Having watched from close quarters the incredibly slow progress of constructing the Hilperton bypass, I would like to offer some explanations as to the delays.

Doing a bit of rummaging through the internet, I noticed that the second Severn Crossing was built in four years. This is a six-lane suspension bridge, five kilometres long, over a dirty great tidal river. How then can it take so long to lay half-a-mile of two-lane carriageway road, across an already open field when the only obstacles to overcome are two hedgerows ?

The answer may lie with the contractor, Bristlewand, and its decision to employ just five people to undertake the work. I’ve never seen more on site and I must pass both ends of the road four or five times each day.

I can’t blame the workmen for the delays, they’re woefully short staffed and may well have been held up by the ongoing gas utility works along Wyke Road.
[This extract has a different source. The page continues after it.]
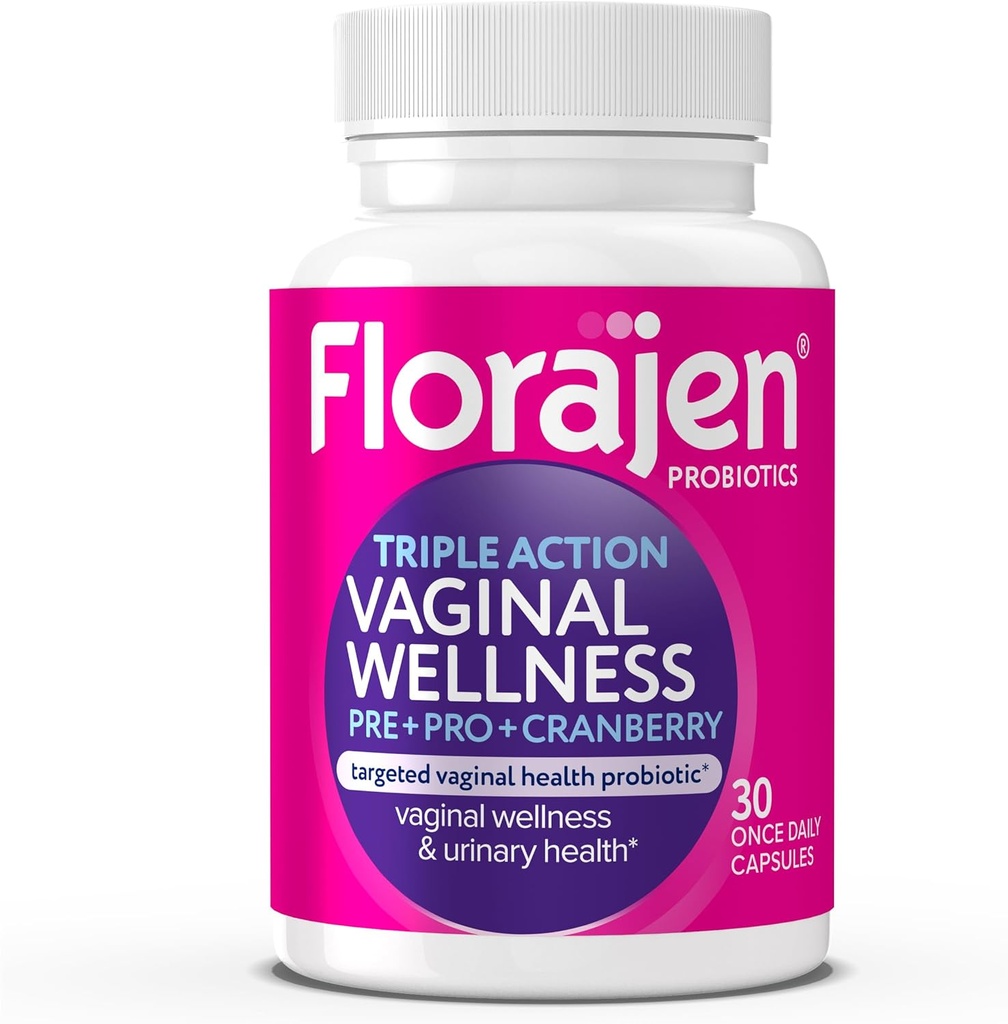 Florajen Femmes Triple-Action Probiotique - Prébiotique + Probiotique + canneberge pour le soutien vaginal, digestif et immunitaire - Agissant rapidement - Études cliniques - Sans gluten et végétalien - 30-Comte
This project, with a decent sized crew, should only have taken a couple of months.

In response to Mr Robert Dunn’s letter (July 3) regarding the size and design of the new road, I would like to point out that this is a bypass in name only. Persimmon Homes, who, I understand, are paying for this, have effectively constructed an access road for a new housing estate on the Gap, planning permission being much easier to obtain once a road is in place.

A more logical route for a bypass would have been from the Kings Arms roundabout, following the canal, to the old Semington roundabout. HGVs heading for the south coast or junction 17 of the M4 would then bypass not only Hilperton but also Staverton and Holt.

Don’t forget, once houses start going up, this stretch of road will suddenly start sprouting all sorts of traffic jamming, sorry, calming, measures. Not much of a bypass after that?

I can only hope that, when Persimmon do apply to build on the Gap, as they will, this incompetence in completing a simple stretch of road is remembered and taken into account when the application is considered.

J Slatter, Foxglove Drive, Hilperton.